ワークマンは、プライベートブランド(PB)の2023年春夏商品の価格見直しを検討する。急速な円安をはじめ、原材料費の高騰、海上輸送費の高止まりなど、現状の価格設定が難しくなったことを受けて対策を講じる。具体的な値上げ幅や対象商品は未定だが、低価格の維持を掲げてきたワークマンも曲がり角を迎えている。
9日に行われた同社の2022年4〜6月期決算説明会(オンライン)で小濱英之社長が明らかにした。

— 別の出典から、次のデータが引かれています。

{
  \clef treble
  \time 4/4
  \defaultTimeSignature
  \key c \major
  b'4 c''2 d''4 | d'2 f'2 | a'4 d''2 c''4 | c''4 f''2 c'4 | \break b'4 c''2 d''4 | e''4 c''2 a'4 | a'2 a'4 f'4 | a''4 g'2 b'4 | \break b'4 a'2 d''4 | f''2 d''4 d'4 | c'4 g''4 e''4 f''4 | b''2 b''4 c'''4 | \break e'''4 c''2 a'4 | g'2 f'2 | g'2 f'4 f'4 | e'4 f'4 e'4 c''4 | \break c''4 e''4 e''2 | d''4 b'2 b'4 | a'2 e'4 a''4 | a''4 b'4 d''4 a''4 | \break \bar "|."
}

食品メーカーや一部アパレルによる値上げが次々発表される中、ワークマンは2月に「価格据え置き宣言」を行い、売上高の約6割を占めるPB商品については当面値上げを行わないとアナウンスしていた。「ワークマンプラス」や「#ワークマン女子」といった新業態のブームによって獲得した新規顧客が離れるのを防ぐため、コスト高の分を飲み込む「やせがまん」(土屋哲雄専務)を決めた。そのため23年3月期は引き続き増収を見込むものの、営業利益は久々の減益の予想を立てていた。
ただ、その際も極端な円安や原材料費の高騰が進行した場合は、値上げに踏み切らざるをえないとの見通しを述べていた。

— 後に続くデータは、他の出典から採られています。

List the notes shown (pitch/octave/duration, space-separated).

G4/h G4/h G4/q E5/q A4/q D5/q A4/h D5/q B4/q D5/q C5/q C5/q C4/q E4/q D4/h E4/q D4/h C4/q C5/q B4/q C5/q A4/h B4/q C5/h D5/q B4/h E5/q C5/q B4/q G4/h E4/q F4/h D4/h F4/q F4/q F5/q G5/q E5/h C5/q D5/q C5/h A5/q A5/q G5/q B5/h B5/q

今回、2月に比べて円安が加速したことを受け、方針を見直す。商品調達がほぼ終わっている22-23年秋冬物は価格を維持するが、23年春夏物は価格の見直しを検討する。定番の継続品が多い同社では一部商品の改廃も行う。アイテムの集約に加えて、アパレルやキャンプ用品などで共通素材を増やすなどしてコスト削減にも務める。
小濱社長は「柱となる商品は極力価格を維持する。一方で、機能性を高めた上で価格を変更するなど、お客さまの支持が得られる方法を探りたい」と話す。その上で「来期(24年3月期)は増収増益をしっかり確保する」考えだ。